Print the listing in full, with no character changed.

(Given material Opens)

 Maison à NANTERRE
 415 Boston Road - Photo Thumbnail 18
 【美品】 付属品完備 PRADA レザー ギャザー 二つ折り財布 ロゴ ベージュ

(Given material Closes)

■ Answer
 Maison à NANTERRE
 415 Boston Road - Photo Thumbnail 18
 【美品】 付属品完備 PRADA レザー ギャザー 二つ折り財布 ロゴ ベージュ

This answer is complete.